How many times have you given into the lure of the “sure thing?” Maybe you placed a bet, accepted a job, or went on a date because you believed it a sure thing. Sure things are dangerous because they lower your shields, raise your expectations, and leave you open to disappointment.
The recent Australian Open, one of professional tennis’s four Grand Slam titles, makes more than one excellent case for the danger of sure things. On the women’s side, the previous year’s winner, Serena Williams, was knocked out in two straight sets. In the next round, the number one ranked woman, Justine Henin, was then beaten by the eventual winner, Maria Sharapova.
An even surer thing failed on the men’s side. Roger Federer, the number one ranked male tennis player in the world appeared unstoppable with his 12 Grand Slam titles until he met Novak Djokovic in the semi-finals. Both are skilled players, ranked high, but Federer always appeared to dominate and many thought he was on his way to an 11th STRAIGHT Grand Slam final. Djokovic proceeded to beat him in straight sets, something that hasn’t happened to Federer since 2004.
Tennis matches are only one example of a potential sure thing that can disappoint. Over time, we start to associate this sense of a sure thing with other aspects of our lives: jobs, investments, relationships, etc.
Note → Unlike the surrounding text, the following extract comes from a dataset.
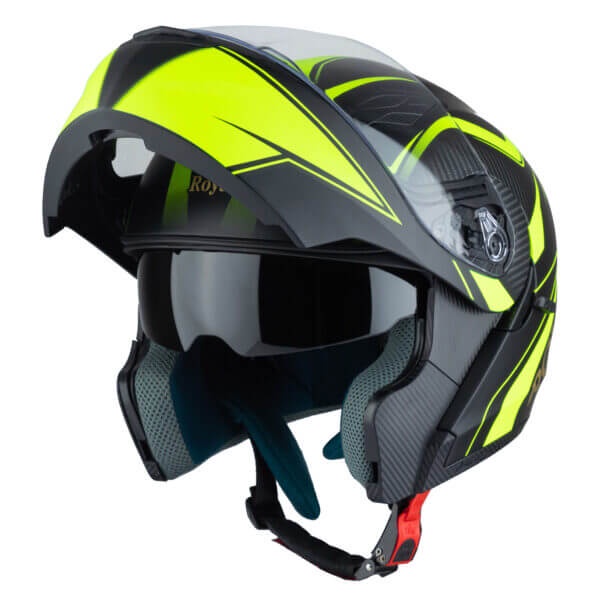 Mũ bảo hiểm fullface Royal lật hàm - Màu Carbon cực ngầu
Then, when someone or something upsets a sure thing, we shake our heads in bewilderment wondering how it could have happened.
You’ve seen this scenario play out during the recent weeks and months as markets have shuddered under pressure from the sub-prime mess and fears of an American recession. We were so sure that the housing market would continue to grow that the popping of the bubble was unheard by many.
Searching for Certainty
Without meaning or planning to, we search out guarantees. We want a sure thing because we believe it gives us a lodestone in all the chaos that swirls around us. We’re particularly drawn to sure things of late because of the increased sense of chaos in our world as markets shifts and countries crumble. However, as I pointed out earlier this month, there’s something to be said for chaos:
From my perspective, chaos’ attractiveness lies in its unpredictability, the sense that anything, both good and bad, is possible….I think that our current hunger for order in all the chaos for information cheats us out of what’s possible. A top 10 list and other filters that we pay attention to skip over the uncertainty of a butterfly flapping its wings and goes straight to someone else’s interpretation of the chaos. Why waste time wading through all the different thoughts if someone has been kind enough to provide you with the answers?
If you are a lover of sure things, you need to ask yourself why. And if the answer doesn’t do you or your life justice, consider the chase after a sure thing to be a part of your past instead of your future. Perhaps it goes too far in the other direction, but any time I hear the words, “It’s a sure thing,” I want to run in the opposite direction. What will be your reaction?